Cette galerie étroite était éclairée à son extrémité par un rayon tranchant de la lune. Dans ce lumineux espace, une forme humaine se balançait.

— C’est lui, dit la comtesse, oui, je ne me trompe pas.

Elle n’acheva pas même ce dernier mot, tant la pâleur étrange de l’homme qui l’aborda en se découvrant devant elle la frappa de crainte et de surprise.

Saint-Preuil, le visage ému, altéré, paraissait en proie à l’accablement le plus profond ; les traces d’une lutte récente se faisaient deviner chez lui, sa respiration était pressée, ses dentelles en désordre. Madame de Lauzun n’observa pas sans frayeur qu’il tenait sa main droite sous son manteau ; en écartant le drap, elle vit du sang à cette main.

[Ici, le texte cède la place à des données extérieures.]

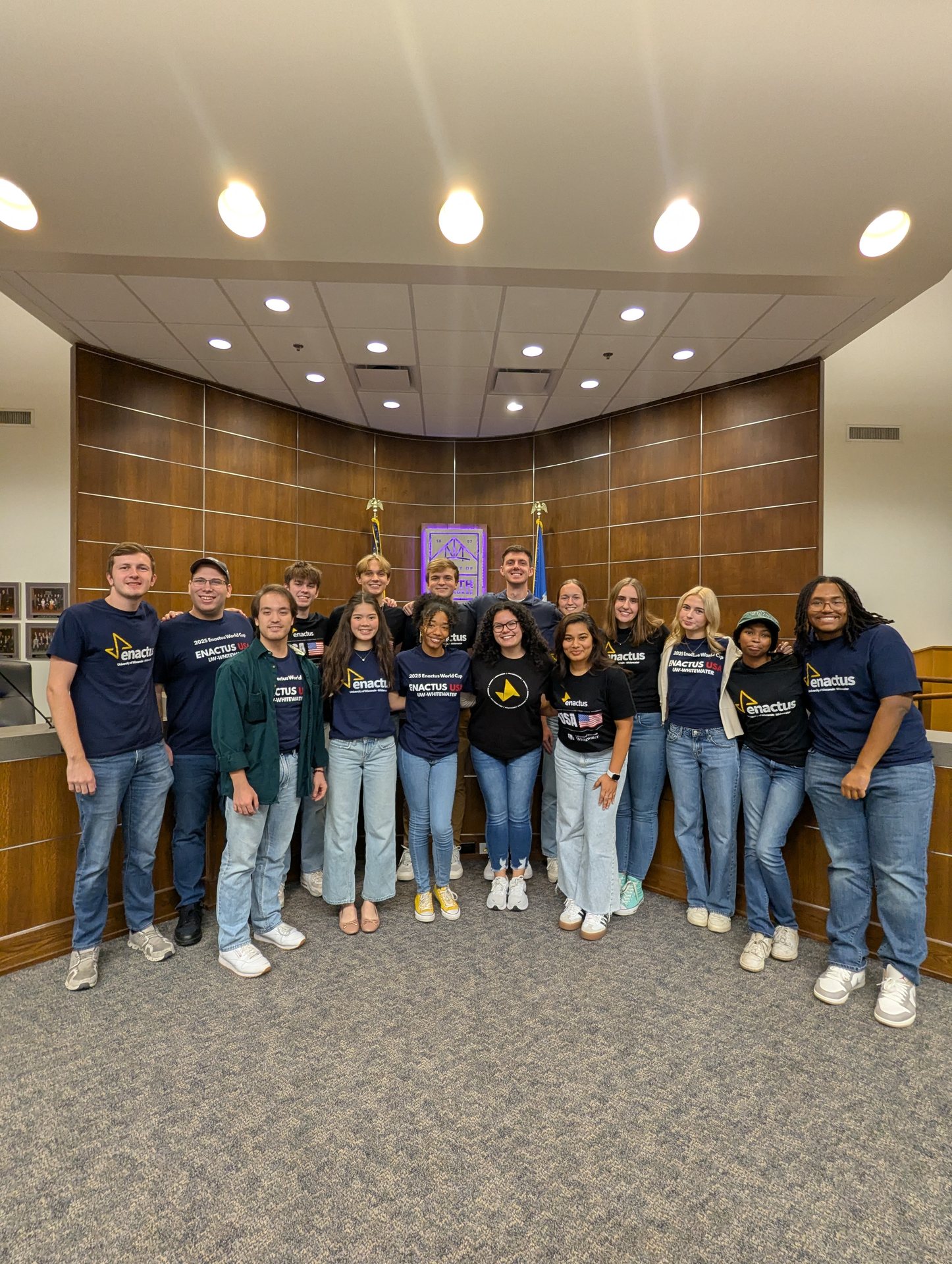 The team in Enactus shirts standing together in a city council chamber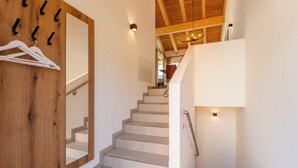 Un escalier avec un mur en bois et un miroir, menant à une pièce ornée d’un lustre.
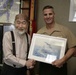 Marine Aircraft Group 12 receives paintings from local artist
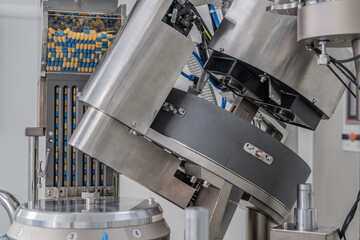 Macro Shot of colour Pills and Capsules During Production and Packing Process on Modern Pharmaceutical Factory. Tablet and Capsule Manufacturing Process. Close-up Shot of Medical Drug Production Line.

— Qu’avez-vous, mon Dieu ! et que vous est-il arrivé ? lui demanda-t-elle avec un intérêt plein de douleur ; ah ! parlez, rassurez-moi !

— Cette blessure est peu de chose, madame, dit Saint-Preuil ; mais il faut que je vous entretienne quelques minutes. Je ne suis pas seul ici.

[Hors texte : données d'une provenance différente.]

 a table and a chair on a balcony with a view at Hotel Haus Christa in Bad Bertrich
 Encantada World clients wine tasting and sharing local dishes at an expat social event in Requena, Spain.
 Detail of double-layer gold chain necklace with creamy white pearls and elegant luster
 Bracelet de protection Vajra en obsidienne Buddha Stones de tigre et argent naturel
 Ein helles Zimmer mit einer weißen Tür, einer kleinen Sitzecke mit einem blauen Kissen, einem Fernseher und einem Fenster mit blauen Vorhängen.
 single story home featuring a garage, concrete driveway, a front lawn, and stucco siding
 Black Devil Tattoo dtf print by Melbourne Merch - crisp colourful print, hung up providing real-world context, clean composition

— Et qui donc vous a suivi ?

— Un jeune homme qu’il faut à l’instant même que vous voyiez ; il demande à être introduit près de vous ; il a, dit-il, à parler à mademoiselle Fouquet.

— Son nom ?

— Henri Leclerc, le fils de ce partisan de la place Royale, compromis dans les affaires d’Hervart.

— Mais que veut-il, et pourquoi choisir une pareille heure ?

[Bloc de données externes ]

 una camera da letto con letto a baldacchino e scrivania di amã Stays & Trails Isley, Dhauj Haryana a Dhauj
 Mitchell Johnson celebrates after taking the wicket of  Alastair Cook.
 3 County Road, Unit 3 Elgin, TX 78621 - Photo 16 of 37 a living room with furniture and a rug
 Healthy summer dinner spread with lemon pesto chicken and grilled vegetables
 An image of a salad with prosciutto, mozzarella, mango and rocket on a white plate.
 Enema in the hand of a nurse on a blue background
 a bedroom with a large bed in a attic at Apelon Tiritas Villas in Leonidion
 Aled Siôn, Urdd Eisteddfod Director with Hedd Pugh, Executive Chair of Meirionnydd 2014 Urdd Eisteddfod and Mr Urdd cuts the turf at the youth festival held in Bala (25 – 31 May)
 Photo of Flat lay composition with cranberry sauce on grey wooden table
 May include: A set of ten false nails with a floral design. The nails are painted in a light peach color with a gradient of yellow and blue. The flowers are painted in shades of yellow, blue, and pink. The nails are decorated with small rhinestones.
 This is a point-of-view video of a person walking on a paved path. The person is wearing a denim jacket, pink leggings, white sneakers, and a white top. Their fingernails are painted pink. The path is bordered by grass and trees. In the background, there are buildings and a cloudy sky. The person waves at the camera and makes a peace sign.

— Son père vient d’être arrêté, traduit à l’instant même à la barre de la chambre de justice. Vous avez du crédit sur le premier président, vous seule pouvez le sauver.

— Malheureux jeune homme ! Mais que peut-il vouloir à cette enfant ? Oh ! oui, je le sauverai. Amenez-le-moi, Saint-Preuil, je vous attends là, dans ma chapelle.